Who ever thought that I would come to think of my itty, bitty, teensie, weensie flat room as my home? I certainly never thought I would. But, truth be told, when I was landing at the first of winter holiday my thoughts were, "Yay! I'm back in California!" but what I thought when I landed Sunday evening was, "*sigh* I'm home..." It's strange to think about really, but it hit me that California really isn't my home right now. It's where both sets of my parents live and it's where I know I'll always be welcomed back to with open arms but, alas! I do not live there anymore. Maybe one day I will be able to call California my home once again someday, but that won't be within the next few years. For now, it's my hometown that I visit every chance I get.

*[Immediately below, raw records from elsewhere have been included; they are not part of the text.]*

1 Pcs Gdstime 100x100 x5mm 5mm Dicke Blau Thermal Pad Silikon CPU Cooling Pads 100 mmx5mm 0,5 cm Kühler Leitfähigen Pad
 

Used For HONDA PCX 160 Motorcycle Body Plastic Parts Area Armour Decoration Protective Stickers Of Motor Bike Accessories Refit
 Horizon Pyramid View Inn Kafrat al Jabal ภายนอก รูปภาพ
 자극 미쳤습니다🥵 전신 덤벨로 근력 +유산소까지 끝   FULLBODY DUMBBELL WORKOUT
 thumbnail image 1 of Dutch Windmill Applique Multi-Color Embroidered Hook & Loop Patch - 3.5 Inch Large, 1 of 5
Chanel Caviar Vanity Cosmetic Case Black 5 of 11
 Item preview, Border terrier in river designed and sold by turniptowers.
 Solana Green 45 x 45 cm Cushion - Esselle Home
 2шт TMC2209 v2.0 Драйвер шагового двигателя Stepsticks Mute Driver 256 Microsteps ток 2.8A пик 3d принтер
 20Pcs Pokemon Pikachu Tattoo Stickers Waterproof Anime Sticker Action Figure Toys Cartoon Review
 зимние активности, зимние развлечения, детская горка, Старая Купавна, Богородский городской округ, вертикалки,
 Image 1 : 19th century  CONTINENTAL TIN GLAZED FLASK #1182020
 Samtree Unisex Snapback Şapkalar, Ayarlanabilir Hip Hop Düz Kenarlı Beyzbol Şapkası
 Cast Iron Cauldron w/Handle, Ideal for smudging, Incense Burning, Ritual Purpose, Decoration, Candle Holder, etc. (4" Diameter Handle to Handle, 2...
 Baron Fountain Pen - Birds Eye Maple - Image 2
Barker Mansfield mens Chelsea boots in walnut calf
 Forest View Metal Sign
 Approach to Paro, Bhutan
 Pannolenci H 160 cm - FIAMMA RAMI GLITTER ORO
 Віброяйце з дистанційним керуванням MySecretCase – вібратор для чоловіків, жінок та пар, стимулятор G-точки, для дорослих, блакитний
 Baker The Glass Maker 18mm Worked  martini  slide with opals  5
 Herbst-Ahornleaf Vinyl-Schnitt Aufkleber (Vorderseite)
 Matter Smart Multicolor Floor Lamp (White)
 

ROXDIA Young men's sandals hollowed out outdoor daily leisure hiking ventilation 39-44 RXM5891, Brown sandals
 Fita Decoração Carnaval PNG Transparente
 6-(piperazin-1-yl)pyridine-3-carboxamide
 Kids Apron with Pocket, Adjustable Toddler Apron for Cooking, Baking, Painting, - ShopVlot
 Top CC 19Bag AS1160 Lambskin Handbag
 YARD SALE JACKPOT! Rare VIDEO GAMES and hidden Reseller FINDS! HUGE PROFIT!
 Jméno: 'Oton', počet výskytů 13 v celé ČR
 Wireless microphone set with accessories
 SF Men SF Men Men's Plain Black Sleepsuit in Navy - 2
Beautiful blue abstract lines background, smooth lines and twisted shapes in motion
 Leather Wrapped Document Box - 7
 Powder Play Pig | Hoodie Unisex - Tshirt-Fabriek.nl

Enough of that "soul searching" type stuff. I spent yesterday getting re situated. It occurred to me that my room was a little messy so I've decided to clean it today in between studying (that is if these horrible cramps will allow me to stand for more than 5 minutes at a time. Sorry guys, but I am a girl and these things happen to us). The reason I didn't clean it yesterday was because I really couldn't be bothered. I had to get my Internet back up and running at my room which required me to have my password sent to my email and then, seeing as I couldn't get my Internet working here, had to go down to school in the morning and use one of the computers there to get my info. Then there was the fact that I had no food, so I had to shop and by the time I got home at 11am I didn't want to go out anymore. So, I chatted with friends, watched a movie while unpacking and tidying here and there, and studied. My day ended with me ready then, as I couldn't take the cramps any longer, I laid down on my bed in a small ball and amazingly fell asleep. Ah, the first day back...not the most fun, but still.
I've only got one thing I really have to do that requires me to get out of my room today and it probably won't happen till afternoon...if I can stand by then. :) Ah...it's good to be home.
Ah yes. Home is where you make it. Where you feel most comfortable at any given time of life. Emphasis on the "you", not others home, your home.
ReplyDeleteAs a former Soldier, my person says that some times your life will be without a home there will only be the place you are living. For me, I always feel at home when I am curled up next to my person. So I guess one could say that a home is where your heart feels love and you feel safe.